Changed the oil in my truck and test fit the speedster in the new trailer. It's tight through the doorway, but perfect in the interior, just like I like them.


----------



## Camaron32 (Nov 11, 2012)

Hanging some pegboard and organizing so I can get the cars inside before the real snow hits.


----------



## Chris (Nov 11, 2012)

Working on the Polaris today.


----------



## oldognewtrick (Nov 11, 2012)

Didn't do much cleaning, but made a lot of saw dust. Made some platforms to put some popup tents on to take to the deer lease, split some firewood, drank a couple brews. Spent some time with the son-in-laws and grilled some pork chops. Life don't get much better than this.


----------



## Trophyman (Nov 12, 2012)

My MillerMatic 250 works great but the sheet metal looks terrible. Took it all off and sandblasted it. Going over today to prime and prep for new paint. 

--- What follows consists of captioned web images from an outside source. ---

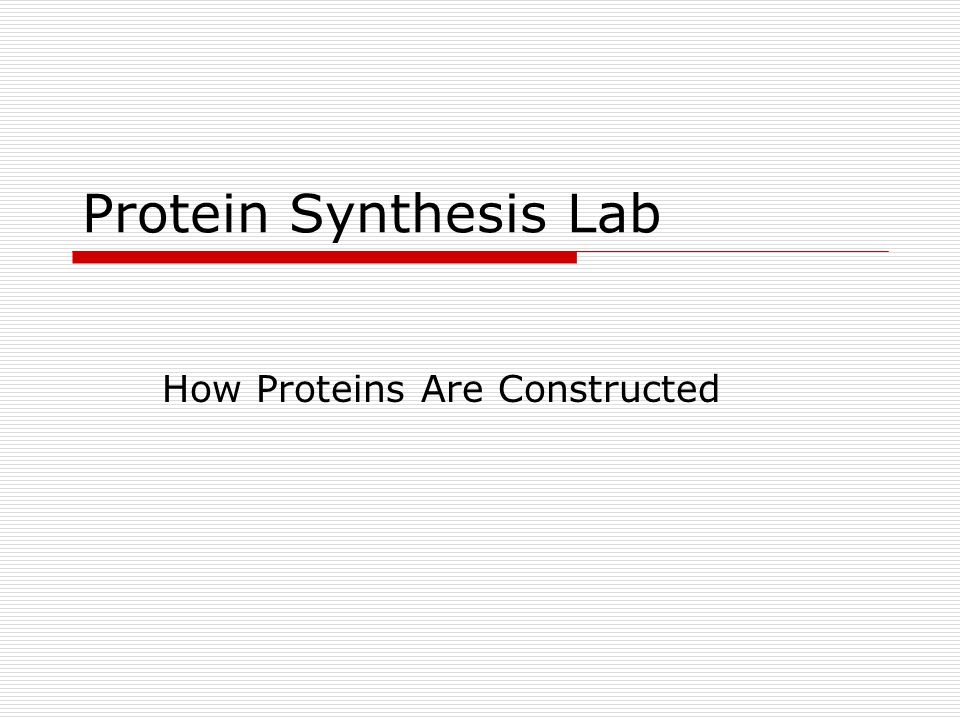 Protein Synthesis Lab How Proteins Are Constructed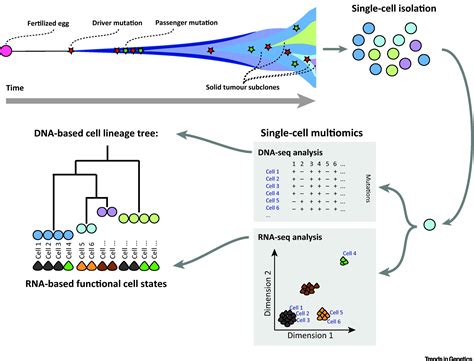 Single Cell Multiomics Multiple Measurements From Single Cells Trends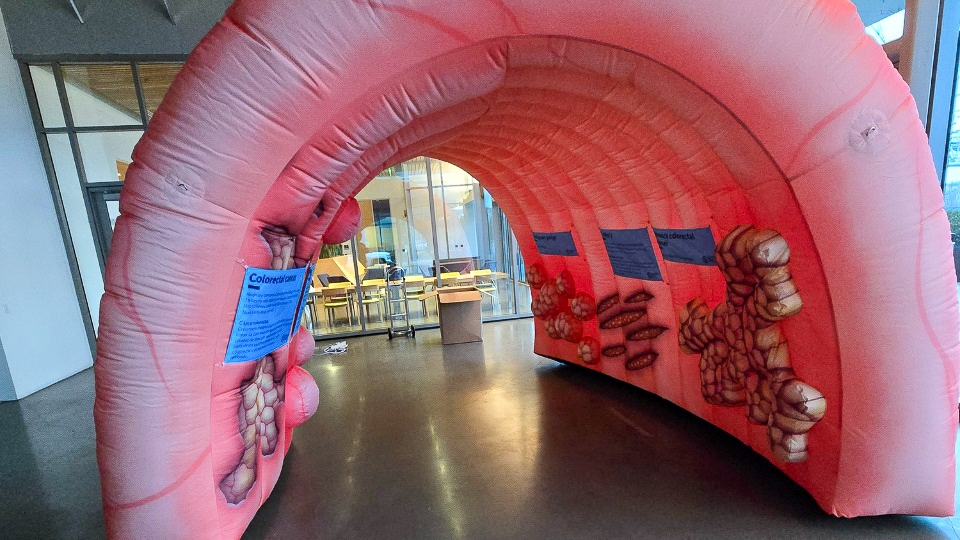 La imagen muestra un colon inflable gigante (rosa, en forma de U, con imágenes de hallazgos en el colon en su interior, por el que se puede caminar) que se utiliza como herramienta de divulgación para persuadir a las personas a hacerse la prueba de detección del cáncer. Melinda Davis, Ph.D., y Jennifer Coury, M.S., son coautoras de un nuevo estudio que muestra que un esfuerzo combinado de enviar pruebas de heces por correo y proporcionar orientación a los pacientes para los procedimientos de seguimiento aumentó significativamente las pruebas de detección del cáncer colorrectal en la zona rural de Oregón. (OHSU)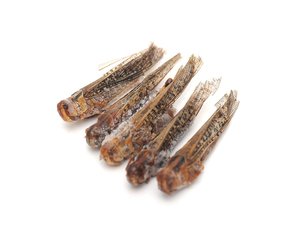 Sürüngen ve kuş evcil hayvanlar için çiftlik yükseltilmiş doğal ve Protein açısından zengin dondurulmuş çekirge - Product Image 4
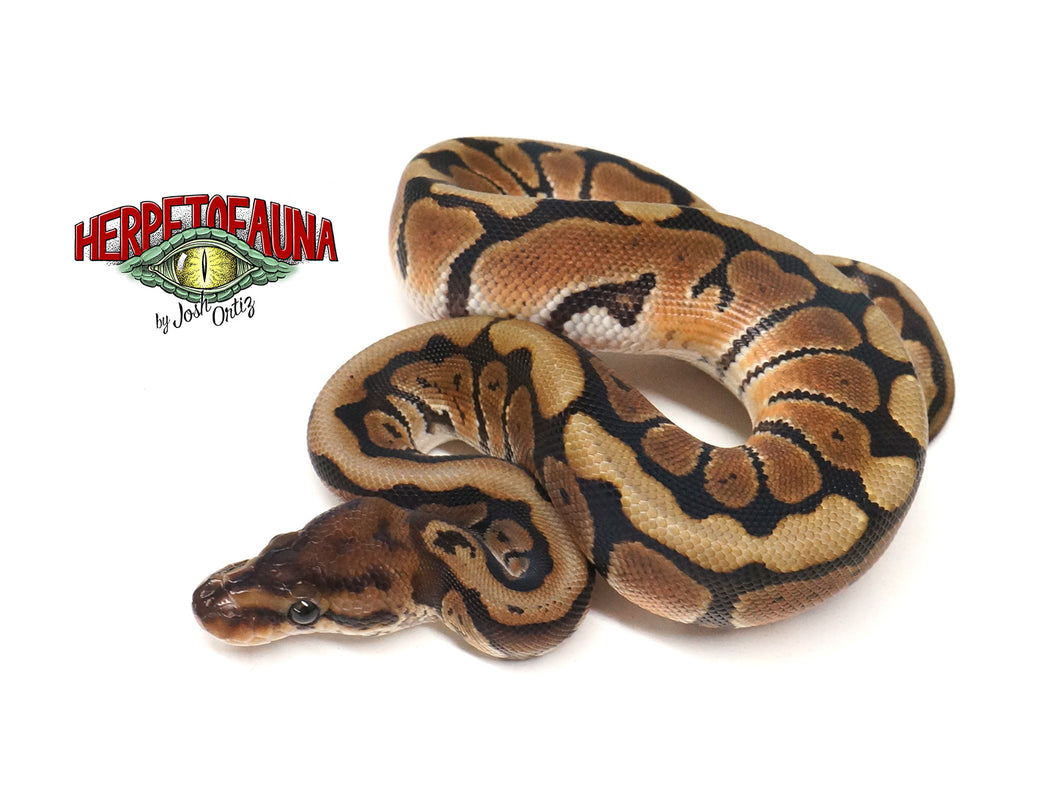 Female Hidden Gene Woma Het Ghost Ball Python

BTW--it seems all I do is clean my shop. It gets dirty all on it's own. Because I just cut and bailed hay, the wind blows all the loose stuff under the door that I leave up a bit for the shop cat, SHEBA, to come and go. Sometimes, not enough time in a day. 

View attachment SHEBA1.jpg


View attachment welder1.jpg


View attachment welder2.jpg


View attachment 3.jpg


----------



## imlouisehale (Nov 14, 2012)

I always clean our garage, and just hang on often. I would like to store a little shed in the corner of our garage for our baby doggie Breece


----------



## oldognewtrick (Nov 15, 2012)

imlouisehale said:


> I always clean our garage, and just hang on often. I would like to store a little shed in the corner of our garage for our baby doggie Breece



Do you have garages in the Phillipines?

IP address "180.191.138.138" is located @ Philippines 
Following is ip 180.191.138.138 location map view:


----------



## Chris (Nov 15, 2012)

Today it is my goal to find the water leak on 7.3 diesel.


----------



## cruzn57 (Nov 15, 2012)

drove to so calif (temecula) yesterday, then to hemet,  then home. all for business, now to clean the truck, and get started installing the pellet stove,
then installing insulation and  sheeting inside the garage.


----------



## Chris (Nov 15, 2012)

Temecula, thats like five minutes from me and no stopping for beer?


----------



## Chris (Nov 15, 2012)

So today I spent a few hours getting the water pump out of one of my diesels, Covered in grease, blood and cuts and it all went back in, in about 15 minutes no fuss. I have a cracked pulley so it is only a matter of time before I am back in there doing it all over again. She sure does drive nice again, been sitting for 6 weeks due to laziness.


----------



## oldognewtrick (Nov 16, 2012)

I've had to replace the water pump on my F-350, not to bad a job. A WHOLE lot easier than the one I put on my wife's Grand Cherokee where you have to take the freaking back bumper off to get to the blessed thing.


----------



## Chris (Nov 16, 2012)

Now that I have done it I can probably do it in a half hour. I do lie how they use an O ring instead of aa paper gasket.


----------



## Chris (Mar 25, 2013)

Lately I have been trying to get rid of stuff. Had a turning point in my life where I want less projects and spend more time with family and traveling.


----------



## StingRayCaretaker (Apr 2, 2015)

Finished up four sets of flowers.  Still have paint to apply which doesn't take too long.  More clean up time than anything.  Today is wood duck house day.  Have to finish and get it posted in the pond with the " vacancy " sign.  They will be arriving soon.


----------



## Chris (Apr 2, 2015)

oldognewtrick said:


> I've had to replace the water pump on my F-350, not to bad a job. A WHOLE lot easier than the one I put on my wife's Grand Cherokee where you have to take the freaking back bumper off to get to the blessed thing.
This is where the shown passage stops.